II. Motion to Transfer Venue

Plaintiffs contend that Defendants have waived their objection to venue in the Southern District of New York ("SDNY") and have implicitly consented to venue in SDNY due to litigating this matter for nearly two years. Plaintiffs' contention is inaccurate. Defendants at the first conference asserted in court that transfer may be necessary but held off a motion in hopes for a quick resolution. Defs.' Reply Aff. ¶ 2. Even if Defendants did waive their objection to venue, they may still move for transfer under § 1404(a), as they did here. Orb Factory, Ltd. v. Design Science Toys, Ltd., 6 F. Supp. 2d 203, 207 (S.D.N.Y. 1998); see also 14D Fed. Prac. & Proc. Juris. § 3829 (4th ed.) (stating "that a defendant who has waived a venue objection has not necessarily waived the right to seek a transfer of venue under 28 U.S.C.A. § 1404(a)"). Thus, the Court will consider their motion.

A. Governing Law

28 U.S.C. § 1404(a) provides: "For the convenience of parties and witnesses, in the interest of justice, a district court may transfer any civil action to any other district or division where it might have been brought[.]" 28 U.S.C. § 1404(a). "[T]he purpose of [this] section is to prevent waste of time, energy and money and to protect litigants, witnesses and the public against unnecessary inconvenience and expense." Van Dusen v. Barrack, 376 U.S. 612, 616 (1964) (citation omitted). A motion to transfer venue first requires the Court to decide whether the case could have been brought in the transferee district. The parties do not dispute that this action could have been brought in NDNY. If venue in the transferee district is appropriate, the second question is whether the transfer would promote the convenience of parties and witnesses and would be in the interest of justice. See Indian Harbor Ins. Co. v. Factory Mut. Ins. Co., 419 F. Supp. 2d 395, 401 (S.D.N.Y. 2005). Determinations of convenience under § 1404(a) are fact-specific and made on a case-by-case basis. D.H. Blair & Co., Inc. v. Gottdiener, 462 F.3d 95, 106 (2d Cir. 2006). A motion to transfer lies "within the broad discretion of the district court." In re Cuyahoga Equip. Corp., 980 F.2d 110, 117 (2d Cir. 1992).

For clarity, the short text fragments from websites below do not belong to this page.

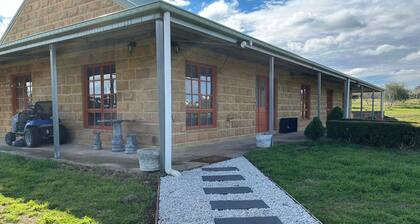 Kathmandu Farmstay: Ping Pong, Pool Table, Netflix, Disney+, Bicycles, PS4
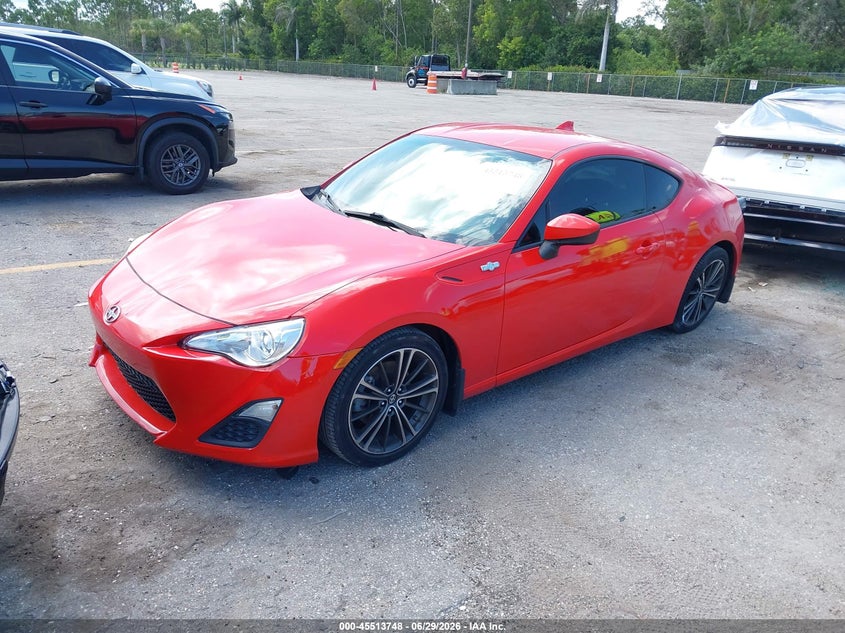 Vin: jf1znaa13f9702085, lot: 46011964, scion fr-s 20152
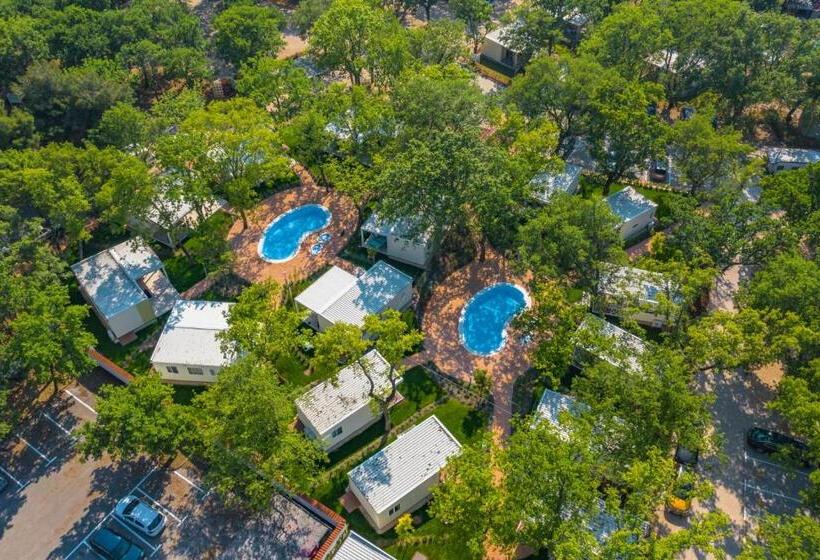 Отель Camping Ulika Mobile Homes   Naturist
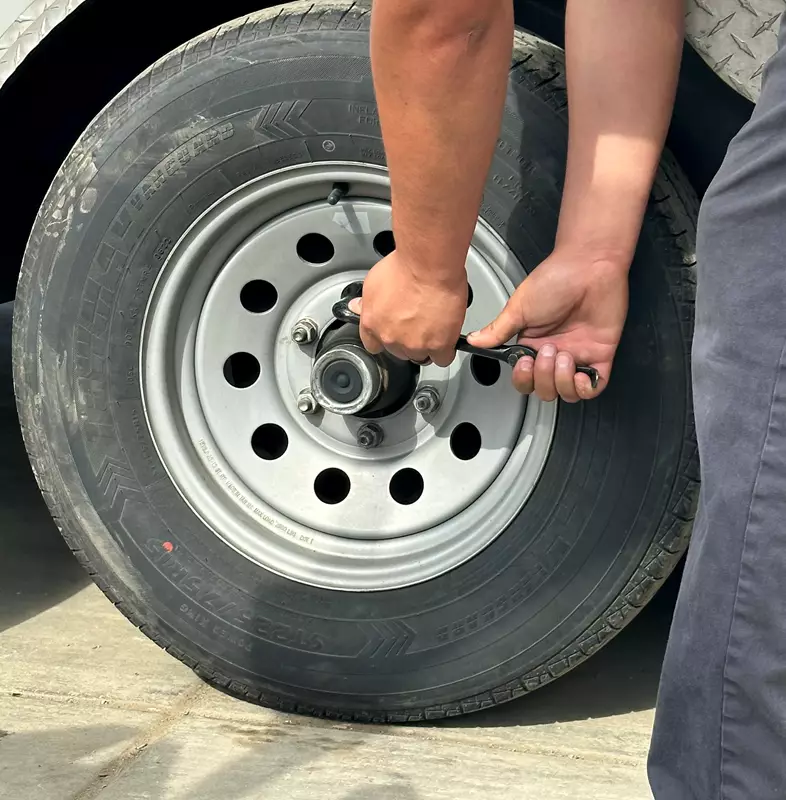 How to Remove Stubborn Lug Nuts From Your Trailer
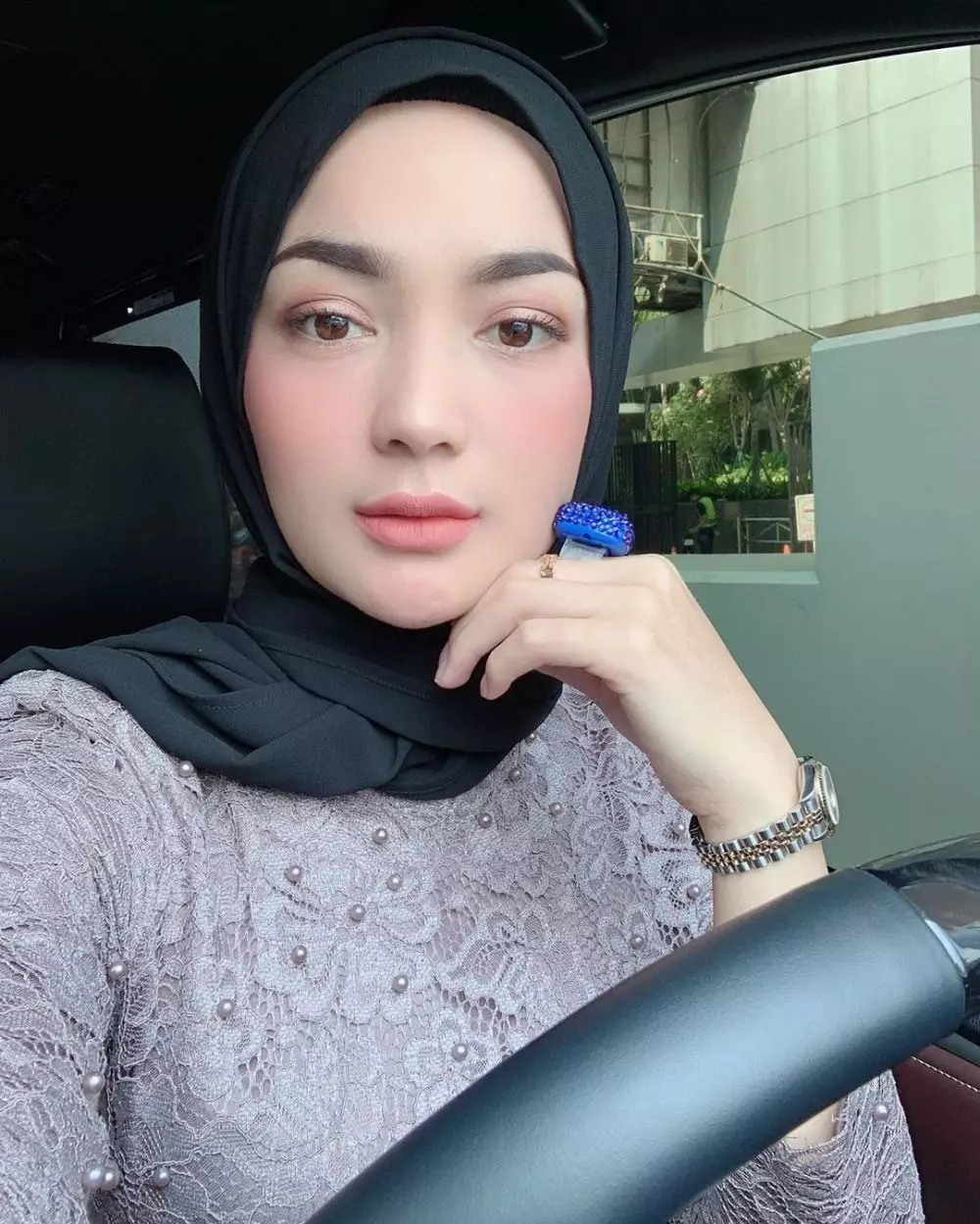 Pesona Imel Putri Cahyati  Instagram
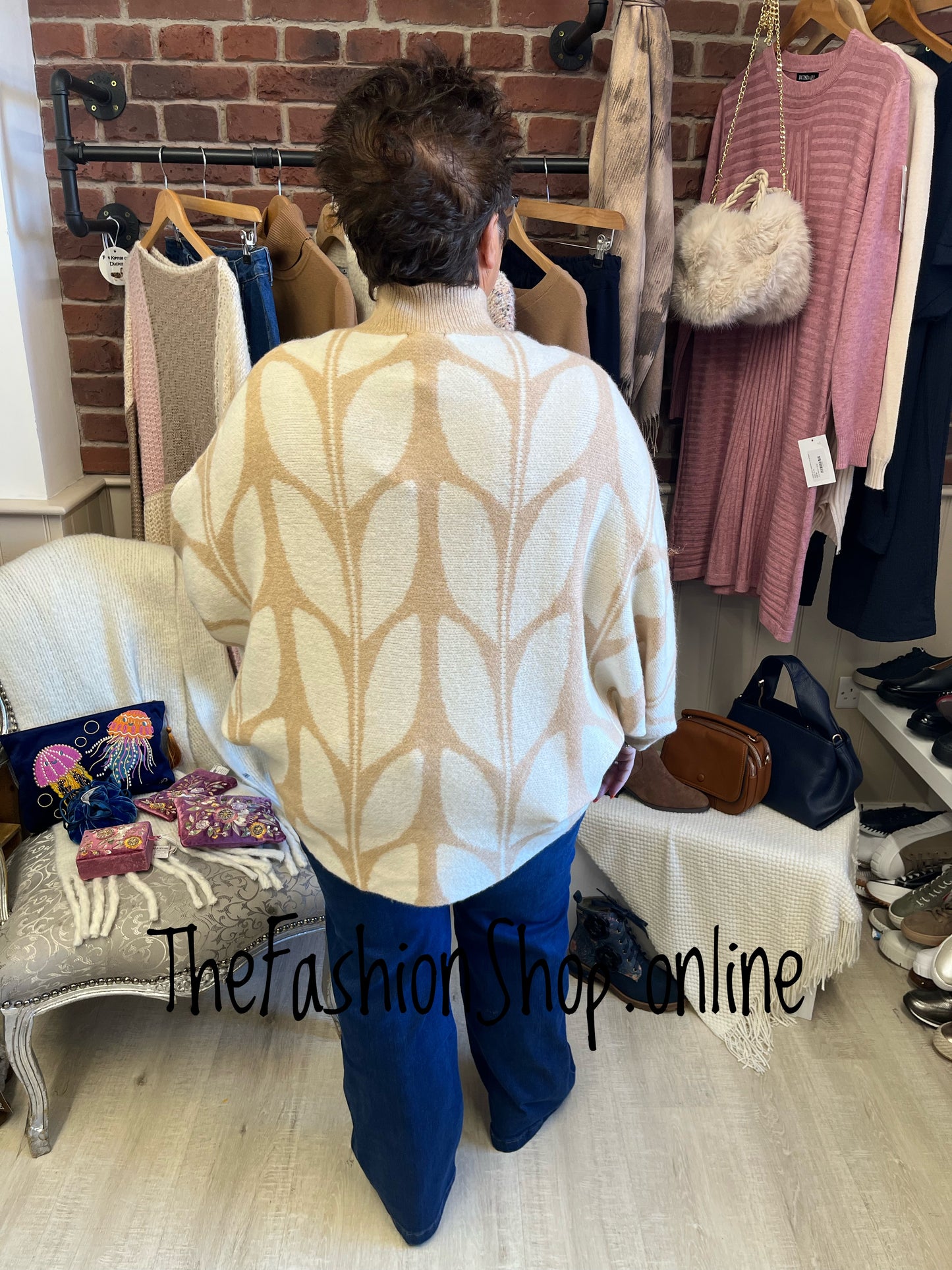 Danni beige and cream jumper - free size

In considering the second question, district courts consider a number of factors: "(1) the plaintiff's choice of forum, (2) the convenience of witnesses, (3) the location of relevant documents and relative ease of access to sources of proof, (4) the convenience of parties, (5) the locus of operative facts, (6) the availability of process to compel the attendance of unwilling witnesses, and (7) the relative means of the parties." N.Y. Marine and General Ins. Co. v. Lafarge N. Am., Inc., 599 F.3d 102, 112 (2d Cir. 2010).

The moving party bears the burden of demonstrating the desirability of transfer by making "a clear and convincing showing that the balance of convenience favors [it]s choice" of forum. Hubbell Inc. v. Pass & Seymour, Inc., 883 F. Supp. 955, 962 (S.D.N.Y. 1995). The plaintiff's choice of forum should not be disturbed unless the balance of the factors tips heavily in favor of transfer. See S-FER Int'l, Inc. v. Paladion Partners, Ltd., 906 F. Supp. 211, 213 (S.D.N.Y. 1995). "There is no rigid formula for balancing these factors and no single one of them is determinative." Indian Harbor, 419 F. Supp. 2d at 402 (internal quotations omitted). "Instead, weighing the balance 'is essentially an equitable task' left to the Court's discretion." Citigroup Inc. v. City Holding Co., 97 F. Supp. 2d 549, 561 (S.D.N.Y. 2000).

B. Application

1. Plaintiff's Choice of Forum

Plaintiff's choice of forum is usually entitled to great deference. See D.H. Blair & Co. Inc., 462 F.3d at 107. However, "plaintiffs' choice of forum is accorded less weight where the plaintiffs' chosen forum is neither their home nor the place where the operative facts of the action occurred." Dwyer v. Gen. Motors Corp., 853 F. Supp. 690, 694 (S.D.N.Y. 1994); see also Rindfleisch v. Gentiva Health Sys., Inc., 752 F. Supp. 2d 246, 251 (E.D.N.Y. 2010). Here, Plaintiffs do not reside in the Southern District. Moreover, the complaint alleges plaintiffs received unfair wages at three nail salons—all located in the Northern District. Although the Court acknowledges that Plaintiffs do live in Queens, NY, which is in close proximity to SDNY, the Plaintiffs nevertheless chose a forum that was neither the place of their residence nor where the allegations in the complaint occurred. As such, minimal deference is due to their choice of forum. Further, an analysis of other factors (as detailed below) demonstrates that the balance of factors is strongly in favor of transfer in this case, thus overcoming any deference owed to plaintiffs' choice of forum. See Rindfleisch, 752 F. Supp. 2d at 252.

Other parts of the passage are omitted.